GIVEN INFORMATION:

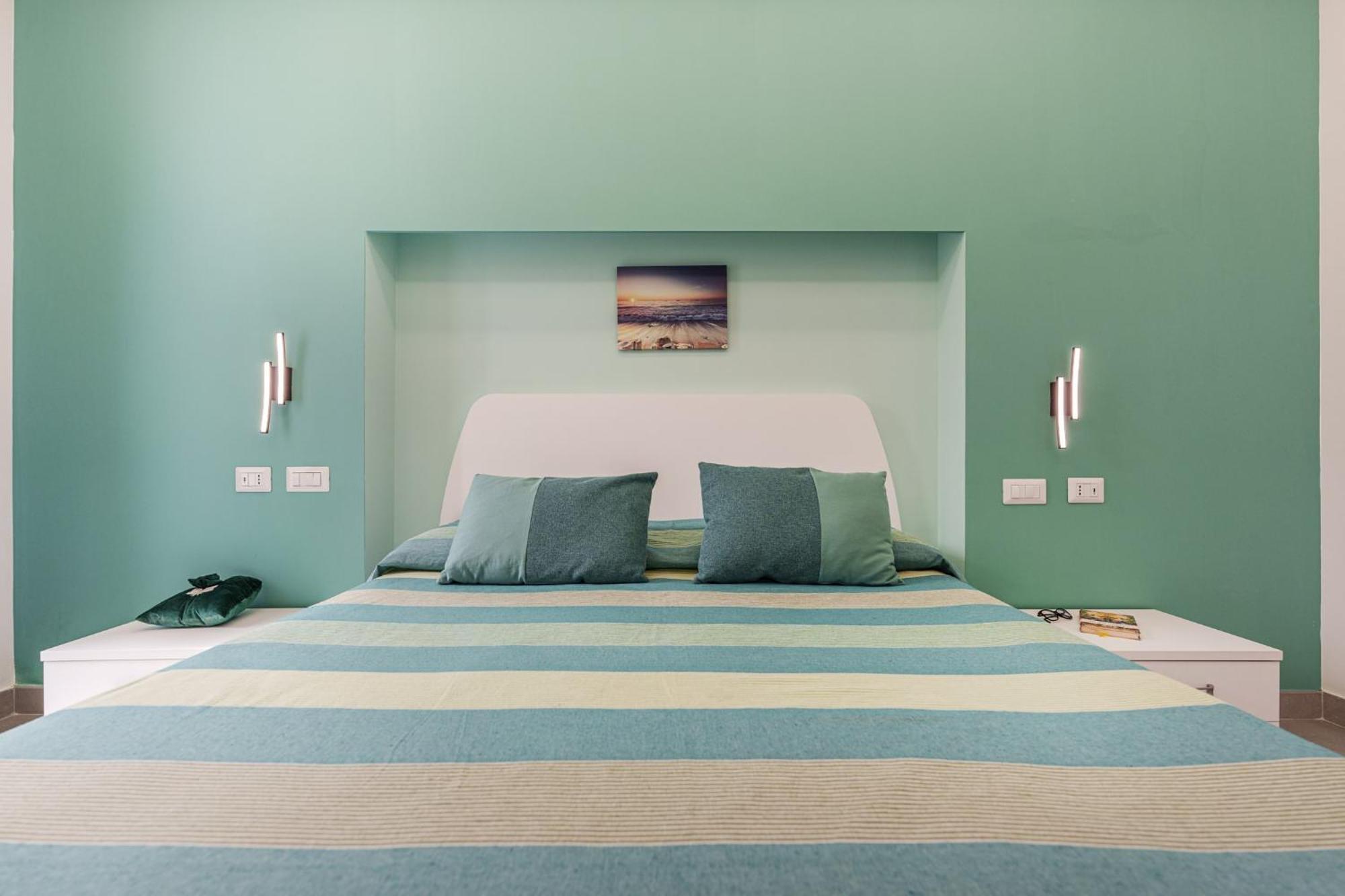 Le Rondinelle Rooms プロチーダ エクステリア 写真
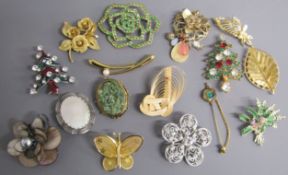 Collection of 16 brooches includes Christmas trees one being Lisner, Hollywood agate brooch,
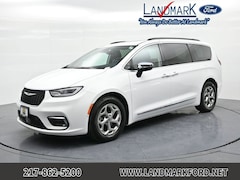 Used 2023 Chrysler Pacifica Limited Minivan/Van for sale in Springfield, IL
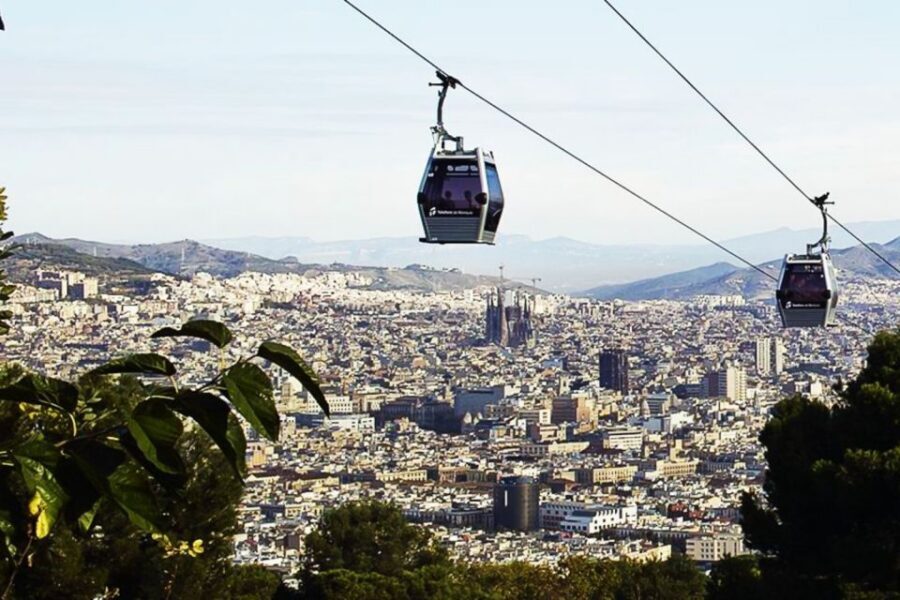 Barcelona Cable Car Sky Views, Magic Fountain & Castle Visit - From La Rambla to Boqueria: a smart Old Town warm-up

INSTRUCTIONS FOR THE TASK: A verbatim copy of the material is needed; pictures are not to appear in it.

EXERCISE SOLUTION:
 Le Rondinelle Rooms プロチーダ エクステリア 写真
 Collection of 16 brooches includes Christmas trees one being Lisner, Hollywood agate brooch,
 Used 2023 Chrysler Pacifica Limited Minivan/Van for sale in Springfield, IL
 Barcelona Cable Car Sky Views, Magic Fountain & Castle Visit - From La Rambla to Boqueria: a smart Old Town warm-up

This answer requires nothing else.